The Poetry of Though is My Choice

The Poetry of Thought by George Steiner
The air in the high-ceilinged, timeless library hummed with the soft energy of countless thoughts. Sophia, her eyes reflecting the calm blue of a distant, starless ocean, stood at a massive mahogany table. Across from her, a man with a stern, focused intensity—Ezra—gestured with a quill, the ink still wet on the parchment before him.
Sophia: You speak, Ezra, of a singular, profound kind of understanding. Not the mere cataloging of words, but something earned. A book, to you, is not a window to be looked through, but a door that demands passage.
Ezra: Precisely. The words are only blueprints. A man can study the finest drawings of a bridge for a hundred years and still not know the true shape of it until he has felt the vibration of traffic beneath his feet or watched the river swell against the pilings. You must live the tension; you must feel the weight of the ideas. To say one understands a tale of grief without having felt a true absence is an empty boast. The printed page offers the opportunity, but the self provides the anvil where the true meaning is forged.
No man understands a deep book until he has seen and lived at least part of its contents.
— Ezra Pound (1885-1972)
Sophia: Then the deepest understanding is always an act of autobiography.

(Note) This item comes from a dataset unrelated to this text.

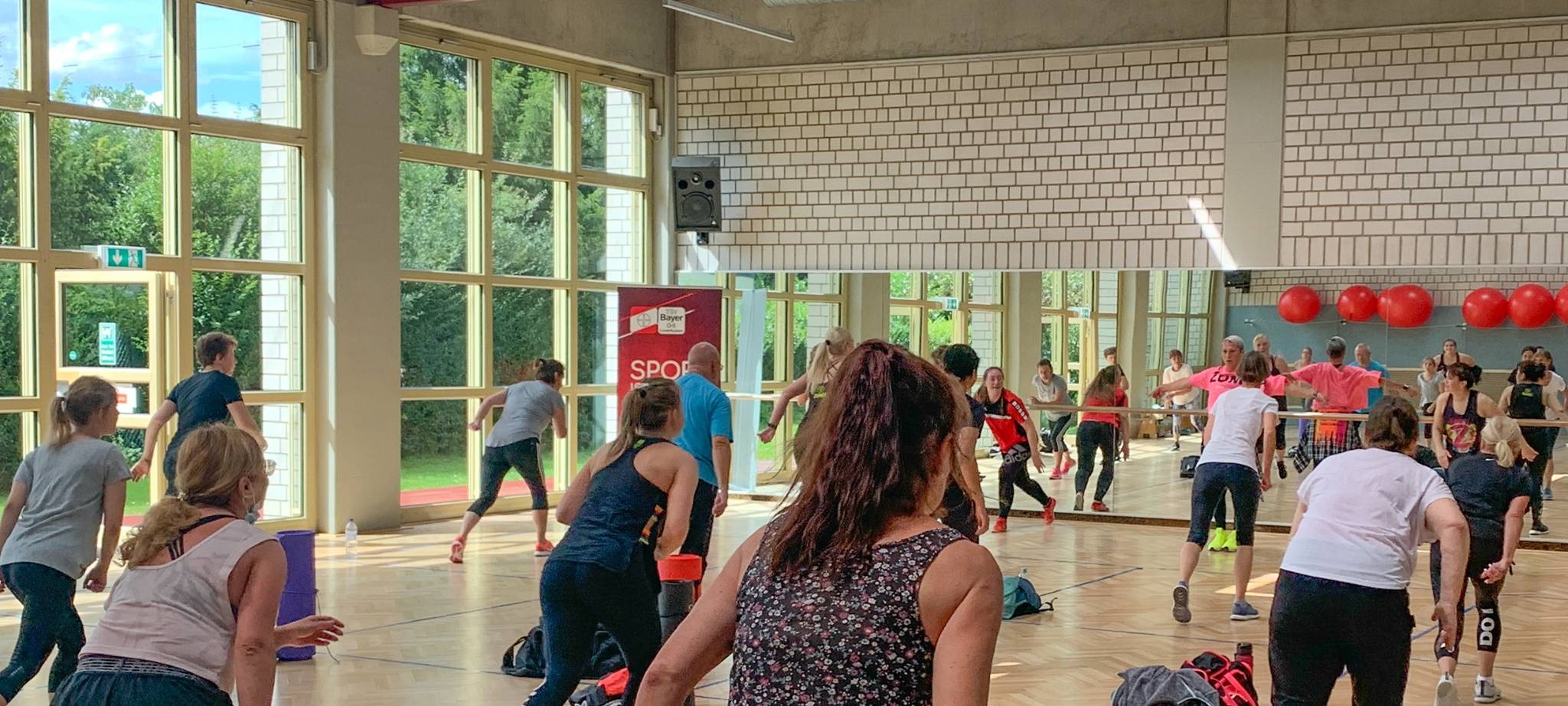 Sportkurse gegen Long Covid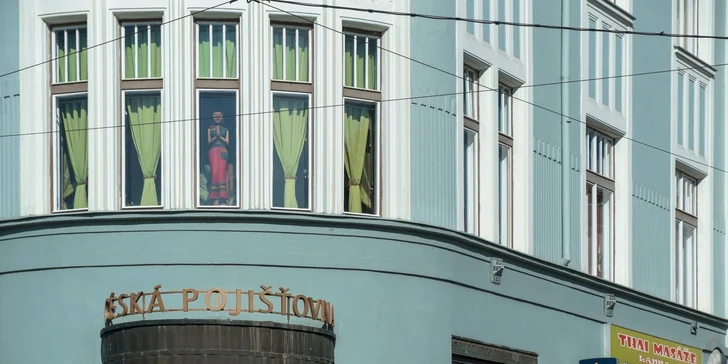 Velký výběr thajských masáží včetně partnerské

The work becomes whole only when the reader lends it their own life's experience as a mirror. The thought within the lines, which your friend George called poetry, requires the hum of lived experience to truly resonate. It is not just about decoding the message, but about its fusion with one's own history.
Ezra: A most concise way to put it, Sophia. The poet only provides the seed; the reader must provide the soil. Without that fertile, personal ground, the seed remains dormant, nothing more than a potentiality on the page.
Sophia: And yet, I wonder, if we must wait for life to teach us every line, does that not risk rendering wisdom forever out of reach for the young?
Ezra: No. It means that the deepest book is a companion for a lifetime. A young man reads it and grasps the shape of a house; an old man reads it and knows the texture of the wood and the draft beneath the door. The initial reading is an illumination; the later readings are a revelation. Every scar we earn is a new lens through which the page reveals another, deeper truth.
Do you believe, then, that there is a difference between knowing about an idea and knowing it in your very bones?